Reëel beschikbaar inkomen huishoudens gestegen
In het tweede kwartaal van 2014 lag het netto reëel beschikbaar inkomen van huishoudens 2,0 procent hoger dan een jaar eerder. Dit is de grootste stijging in de laatste vier jaar. Het reëel beschikbaar inkomen wordt bepaald op basis van voortschrijdende jaartotalen: de gegevens over vier kwartalen worden daarbij gecombineerd en toegekend aan het laatste kwartaal.
Bijdragen aan de mutatie van het netto reëel beschikbaar inkomen ten opzichte van een jaar eerder
Het beschikbaar inkomen bestaat uit de verschillende inkomensbronnen van huishoudens: de ontvangen beloning van werknemers, de ontvangen sociale uitkeringen, het saldo inkomen uit vermogen en het inkomen uit productieactiviteiten. Hiervan worden de betaalde belastingen en sociale premies afgetrokken. Vooral het inkomen uit de productieactiviteiten, het netto inkomen uit vermogen en overdrachten en de sociale uitkeringen hebben in het tweede kwartaal van 2014 positief bijgedragen aan de groei van het beschikbaar inkomen van huishoudens. De productieactiviteiten bestaan uit het inkomen dat zelfstandigen verdienen plus de woondiensten.

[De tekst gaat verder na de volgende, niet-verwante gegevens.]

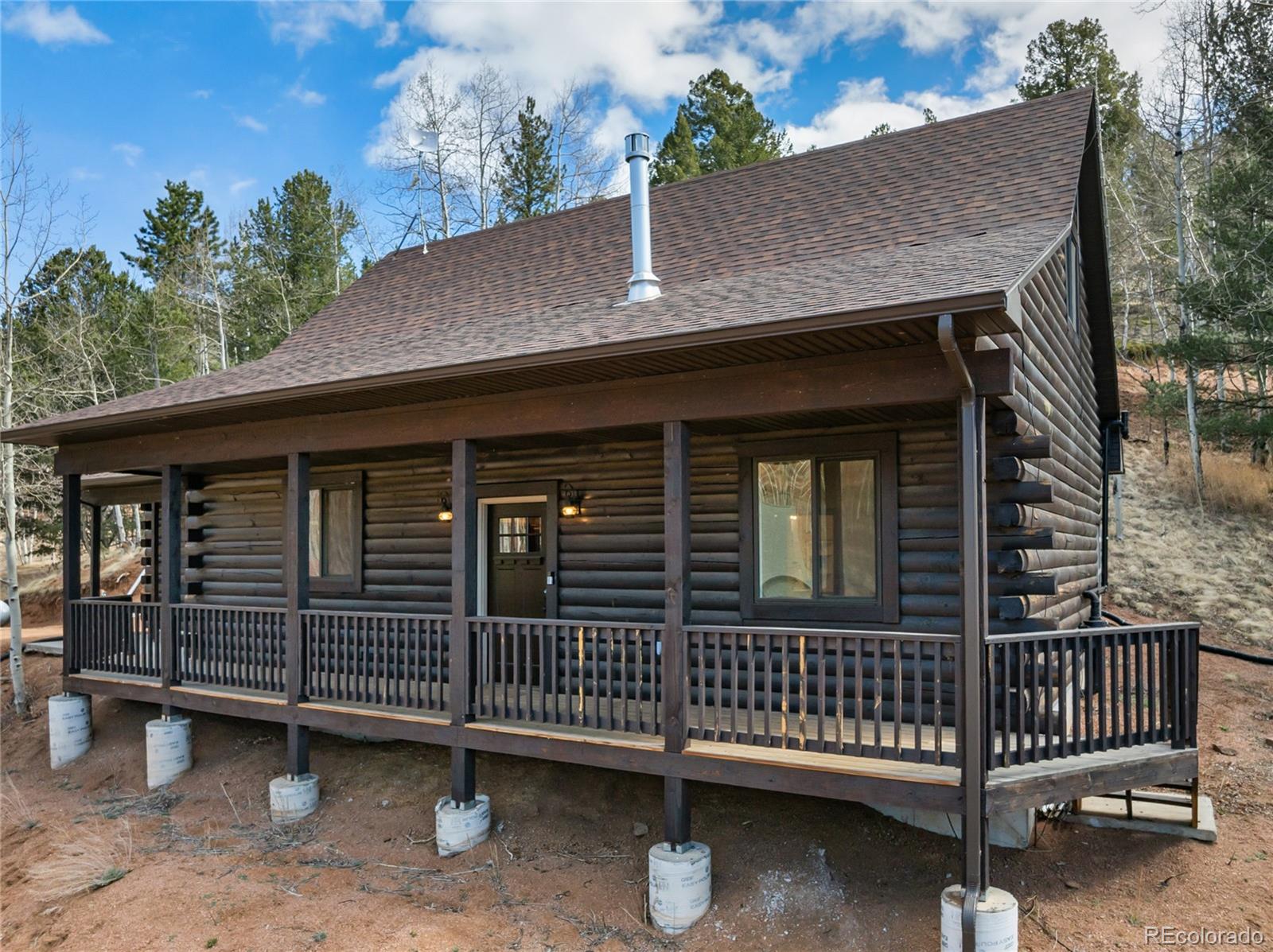60 Beaver Pond Road Divide, CO 80814 - Photo 3 of 50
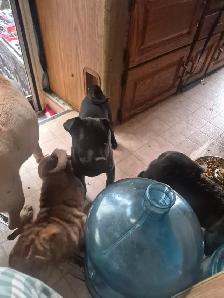 Sharpei cross pups needs their forever home. - Photo 3
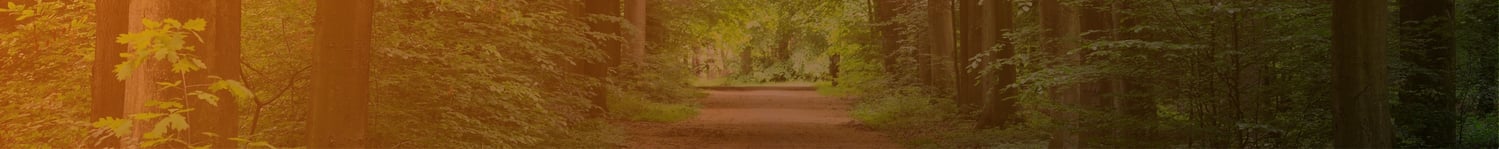 Walkway in a green spring beech forest in Leuven, Belgium. Beautiful natural tunnel. Atmospheric landscape. Eco tourism, travel destinations, environmental conservation, pure nature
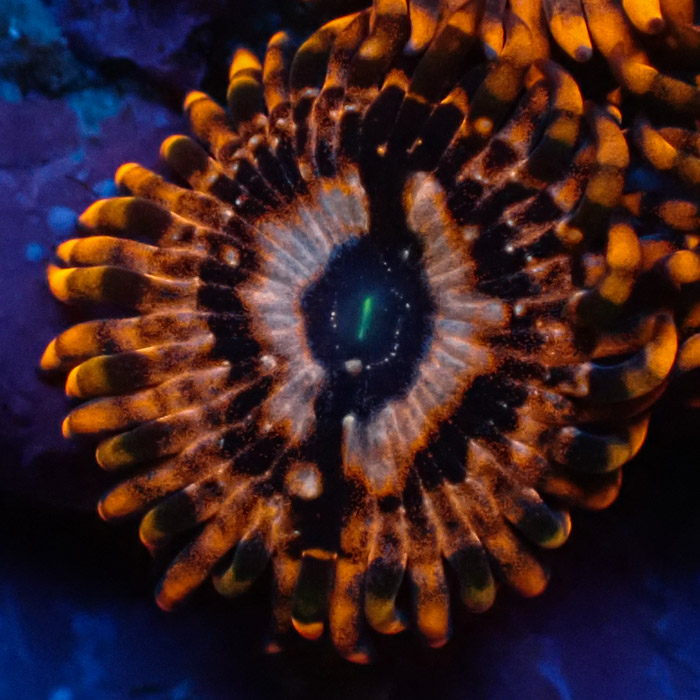 Zoanthus MC Utter Chaos Zoanthus MC Utter Chaos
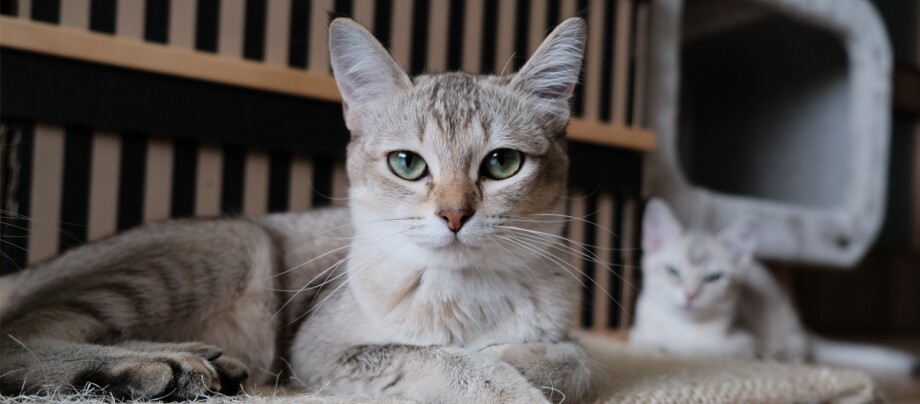 Zwei ruhende Katzen mit grauem Fell und grünen Augen in einem gemütlichen Innenraum, eine Katze im Vordergrund fokussiert.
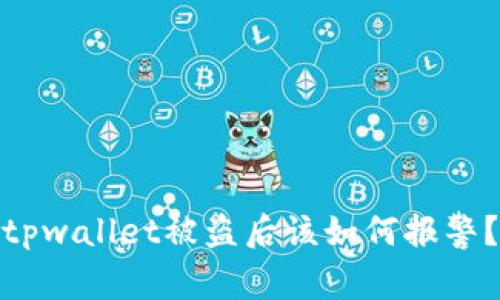 tpwallet被盗后该如何报警？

Deze woondiensten worden toegerekend aan eigenaren van een woning; het economisch voordeel dat zij aan hun woningbezit ontlenen ten opzichte van de gangbare huurprijs wordt bij hun inkomen gerekend. Zowel het inkomen van zelfstandigen als de toegerekende woondiensten namen toe. De lonen van werknemers bleven nagenoeg gelijk.
Inkomsten uit sociale uitkeringen gestegen
Ten opzichte van het tweede kwartaal van 2013 zijn de sociale uitkeringen licht gestegen. Dit wijkt af van de eerste figuur omdat nu niet naar vier voortschrijdende kwartalen gekeken wordt maar alleen naar het afgelopen kwartaal. Huishoudens ontvingen dit kwartaal 32,8 miljard euro aan sociale uitkeringen, een stijging van bijna 600 miljoen euro t.o.v. hetzelfde kwartaal in 2013.
De laatste jaren zijn de inkomsten uit sociale uitkeringen sterk gestegen. Inclusief de meest recente stijging lagen deze 24 procent hoger dan in het tweede kwartaal van 2008. In dezelfde periode is de beloning van werknemers slechts in beperkte mate meegestegen; deze lag 6 procent hoger dan in 2008. Het saldo van inkomen uit vermogen en inkomensoverdrachten (waaronder bijvoorbeeld premies en uitkeringen van schadeverzekeringen) is ook sterk gestegen. De inkomsten uit vermogen hangen voor een deel samen met de winstgevendheid van bedrijven uit zowel binnen- als buitenland; hiervoor was 2008 een slecht jaar. Het inkomen uit productieactiviteiten is daarentegen gedaald ten opzichte van 2008. Dit komt voornamelijk door de toegerekende woondiensten; door de slechte woningmarkt is dit toegerekend inkomen gedaald.
Ontwikkeling inkomens
Ook meer bijstandsuitkeringen
Binnen de sociale uitkeringen zijn tegengestelde krachten aan het werk. Huishoudens ontvingen meer uitkeringen vanuit werkloosheidsregelingen en door de vergrijzing bleven ook de uitkeringen vanuit de Algemene ouderdomswet (AOW) toenemen. In mei 2014 waren er 3,25 miljoen personen met een AOW-uitkering, bijna 90 duizend meer dan een jaar eerder. Tegelijkertijd ontvingen huishoudens minder aan arbeidsongeschiktheidsuitkeringen, uitkeringen vanuit de Algemene nabestaandenwet (ANW) en zorgtoeslag. De uitkeringen in het kader van de sociale voorzieningen bleven ongeveer gelijk, al ontvingen in juni 2014 417 duizend personen een bijstandsuitkering volgens de Werk Wet en Bijstand (WWB); een stijging van 28 duizend ten opzichte van dezelfde maand een jaar eerder. Veruit de meest uitkeringen werden uitgekeerd aan personen die nog niet de AOW-gerechtigde leeftijd hadden bereikt.